FAU, in a statement emailed to The Palm Beach Post on Tuesday, issued its own reminder to elected officials.

“Florida Atlantic University offers a wide array of first-class degrees at all academic levels,” the statement read. “The university already serves thousands of students from the West Palm Beach area and is fully equipped to expand as necessary to meet increased demand.”

Several economic development backers have said businesses have long wanted West Palm Beach to expand educational opportunities in the city.
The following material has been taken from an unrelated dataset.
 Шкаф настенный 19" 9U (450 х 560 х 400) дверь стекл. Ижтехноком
Raphael Clemente, executive director of the Downtown Development Authority, told city commissioners Monday night that businesses had expressed the need for broader educational opportunities “time and time again” and that what was needed was “a top-level education institution.”

“And that is now on our doorstep,” he said.
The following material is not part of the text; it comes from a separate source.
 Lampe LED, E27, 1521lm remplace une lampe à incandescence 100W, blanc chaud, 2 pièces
On Tuesday, Fuchs sought to reassure county commissioners that the university would work to partner with, not overshadow, existing universities in Palm Beach County, noting that state leaders need to “grow the pie” for higher education dollars.

“We’ll be the best partners that (FAU President John Kelly has) ever had,” Fuchs said. “That’s a really sincere commitment because we’re not going to be successful if we’re not a good partner. We want to add value for them as well as for the community. We’re not here to compete.”
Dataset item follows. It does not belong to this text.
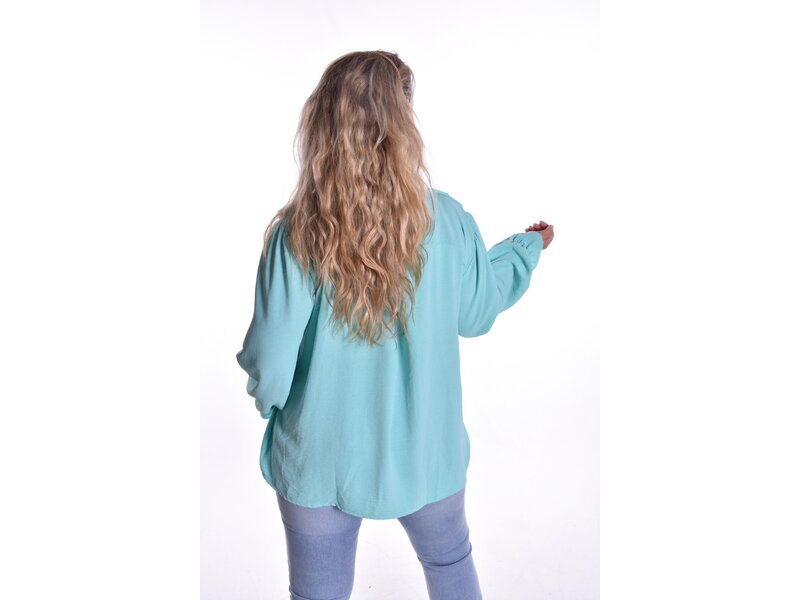 Blouse Happy Days - Aqua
That seemed to mollify County Vice Mayor Robert Weinroth, who represents the district where FAU is located.

Weinroth said that some had told him the embrace of UF’s expansion plan was a “slap in the face.”

“I’m very happy to hear what you said today, that this is a collaborative effort, that you’re not going to be the big boy trying to push the youngsters out of the way,” Weinroth told Fuchs.

County, city officials say area will benefit greatly from UF campus in West Palm

UF is “assuming oversight” for Scripps Research Institute in Jupiter. That move isn’t connected to the university’s downtown expansion plan, said Fuchs, who described the deals as “coincidence” but “a positive benefit together.”

The prospect of having UF bringing a graduate school campus to West Palm Beach left city and county commissioners giddy.

“This is really a no-brainer for us, and I’m just excited for you to come here,” said County Commissioner Maria Marino, whose district includes northern Palm Beach County. “The opportunity for you all to do what you’re going to do with Scripps is very exciting for our end of the county.”

City Commissioner Christy Fox was similarly enthusiastic on Monday night.

“I am thrilled by the opportunity and will do anything to move this forward,” she said. “We will be attracting students from all over the world. Thank you for thinking of us. This is just very exciting.”

West Palm Beach Mayor Keith James, who joined with Kerner in meetings with Fuchs when the plan was still at the idea stage, said the city stands to benefit in numerous ways.

“To have an educational institution of the caliber of the University of Florida located in our downtown will benefit the economic landscape of this city for years to come,” the mayor said, adding that students “can now put West Palm Beach on their list to get the kind of jobs and educational opportunities that they want.”

County Commissioner Mack Bernard, whose district includes downtown, said UF’s expansion plans have broad ramifications.

“It’s about the future for Palm Beach County,” Bernard said. “This is about the kids that haven’t been born yet. This is about the state of Florida.”